# random words in red, and double underlined



## Kathy NW Ohio (May 10, 2002)

How do I get rid of random words showing in red, and double underlined ?

I have Windows 7. 

Thank you
Kathy


----------



## mnn2501 (Apr 2, 2008)

What programs are they showing up that way in?


----------



## Kathy NW Ohio (May 10, 2002)

They are showing up just anywhere, even in Allrecipes.

This is something that has just started lately.


----------



## oneokie (Aug 14, 2009)

Do a cursor over those words and look at the status bar to see if there is a URL there while doing the cursor over. If there is, those are embedded hot links to other sites.


----------



## How Do I (Feb 11, 2008)

Some advertising scripts will pick out related words in the body of a page to convert into links to advertiser sites. I personally don't see those types of links over at Allrecipes. Does a box pop up when you hover over the link? Kontera is one of the major companies that runs these types of advertising programs.


----------



## mnn2501 (Apr 2, 2008)

Possibly are links, keywords as others have said, however if they are not download the free version of malwarebytes and/or spybot and run them. (See sticky above for how)


----------



## Kung (Jan 19, 2004)

Kathy NW Ohio said:


> They are showing up just anywhere, even in Allrecipes.
> 
> This is something that has just started lately.

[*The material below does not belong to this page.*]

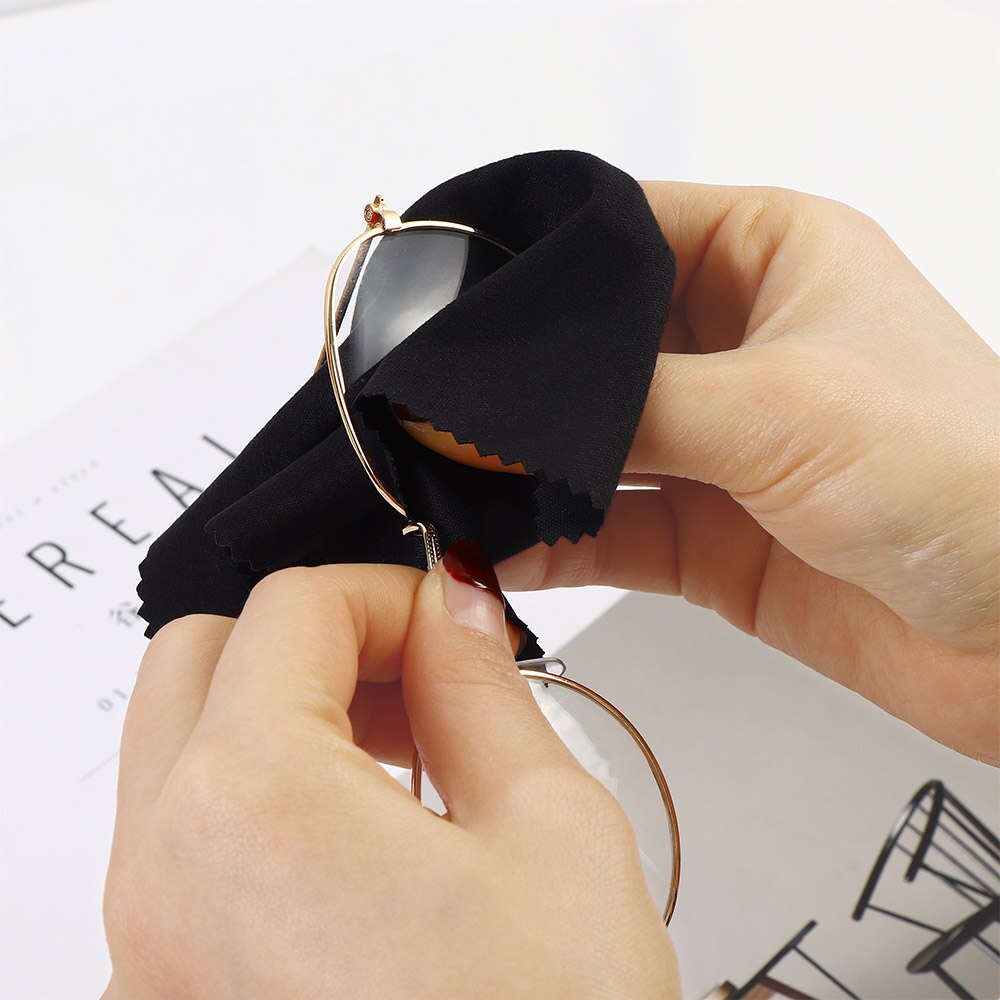 10 Pcs Premium Microfiber Cleaning Wipe Cloths for Lens DSLR Glasses TV Screen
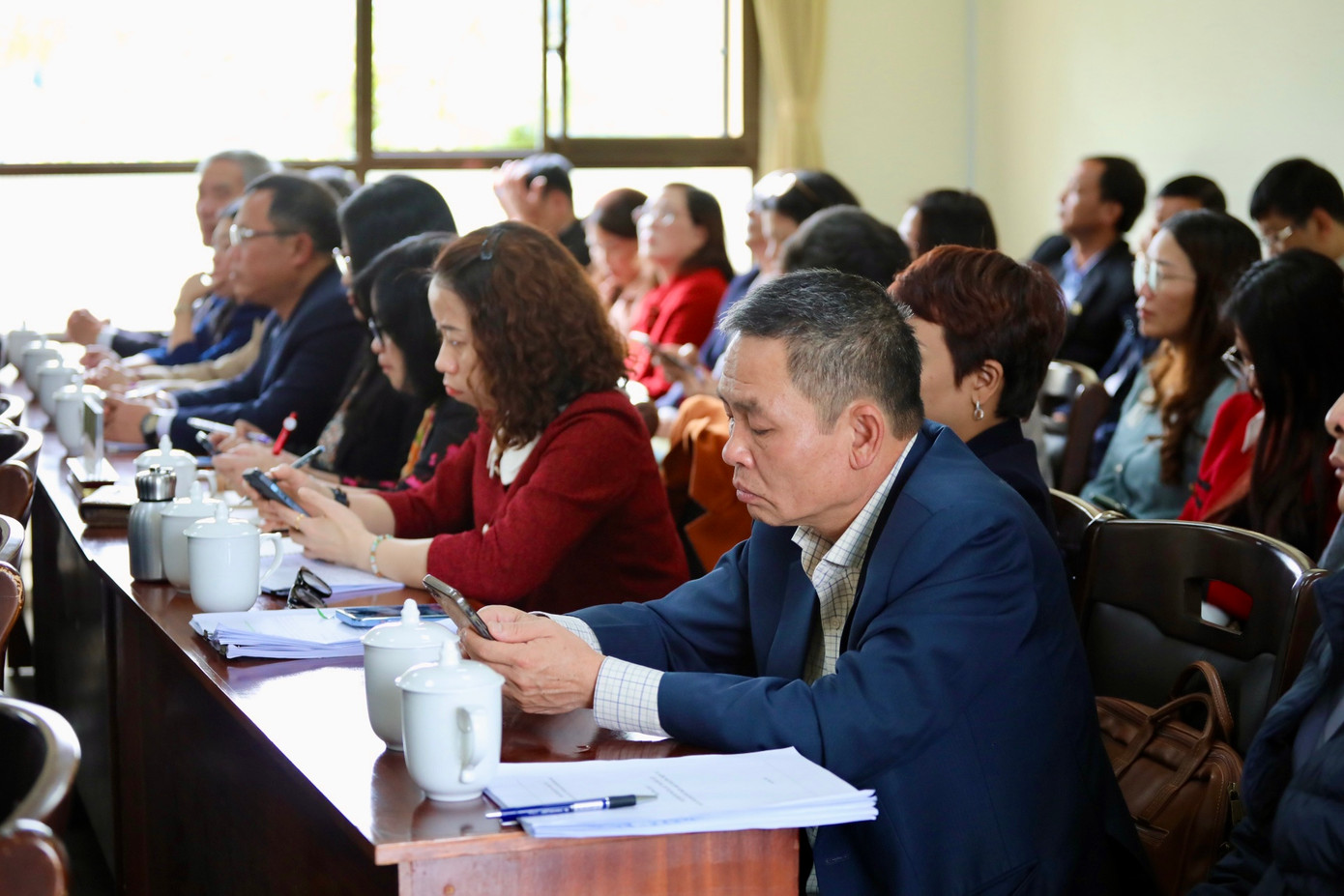 Các đại biểu dự tại phường Xuân Hương - Đà Lạt. Các đại biểu dự tại phường Xuân Hương - Đà Lạt.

Literally everywhere - as in Internet Explorer, Microsoft Office, etc.? Or just all sorts of different web pages?

If it's webpages...then what you're seeing is IntelliTXT. To block it, you can

a) disable Javascript (which I'd do anyways, given the recent problems),
b) add *.intellitxt.com and *.kontera.com to your restricted sites list, or
c) use AdBlock Plus if you use Firefox.


----------



## Kathy NW Ohio (May 10, 2002)

Thank youfor your help.


----------



## Kathy NW Ohio (May 10, 2002)

You are saying, block *.intellitext.com and *.Kontera.com : and disable Javascript, right?

Just want to verify.

Thanks for your help.
Kathy


----------



## Kung (Jan 19, 2004)

That's what I'd do, yes.


----------